Bir an için CHP’nin İmralı’ya gidişe onay verdiğini ve İmralı’dan dönüşte her iki partinin “iktidar savaşını” çözüm sürecinin devamı boyunca geçici olarak sona erdirme kararını kamuoyuna açıkladığını düşünelim. AKP’nin CHP’ye karşı yönelttiği operasyonlara son verdiğini, tutuksuz yargılamanın yolunu açtığını, CHP’nin erken seçimi zorlayan mitingleri sona erdirdiğini farz edelim. Ne olurdu?
Türkiye’de bayram olurdu. Türk halkı içindeki düşmanca kutuplaşma yumuşar ve çözüm sürecine kuvvetli bir rıza oluşurdu. Her iki partinin bu kararı İmralı’ya giderek ve Öcalan’la anlaşarak aldığını gören Kürt halkının çözüm süreciyle ilgili kaygıları sıfıra inerdi. Böylece Türk ve Kürt halkları arasındaki önyargılar kırılmaya , tarihi “Kürt-Türk ittifakı” gerçekleşmeye başlardı.
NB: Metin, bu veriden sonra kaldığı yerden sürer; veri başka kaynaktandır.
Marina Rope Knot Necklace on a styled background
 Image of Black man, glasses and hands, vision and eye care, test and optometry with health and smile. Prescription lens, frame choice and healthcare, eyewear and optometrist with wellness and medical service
Sonuç olarak diyeceğim şudur: Çözüm sürecinde de üçüncü yol vardır. Bu süreçte AKP’nin mi, yoksa CHP’nin mi tutumu çözüme yardım ediyor ya da engel oluyor tartışmasının hiçbir anlamı yoktur. Çünkü böyle bir tartışma bizi “iktidar savaşına” eklemlenmeye götürür ve çözüm sürecini engelleyen faktöre dönüştürür. Üçüncü yol, kararlı bir şekilde her iki parti arasındaki “iktidar savaşlarına” karşı kesin tutum almak, bu savaşların hem Türk devletinin, hem Türk halkının, hem Kürt ve bölge halklarının geleceğini tehdit ettiğini ilan etmektir.
Somut olarak ifade edeyim: “İktidar savaşları” CHP’yi adım adım Zafer Partisi ve İyi Partinin faşizan cephesine, AKP’yi de CHP’yi kapatarak seçimsiz diktatörlüğe götürür. Çözüm süreci sona erer ve savaş yeniden başlar. Bu savaştan yararlanan ABD ve İsrail Türkiye’yi İran’a karşı savaşa sürükler ve “her şey çok kötü olur.”
Çözüm sürecinin başarısı şu anda her türlü parti çıkarlarının üstündedir.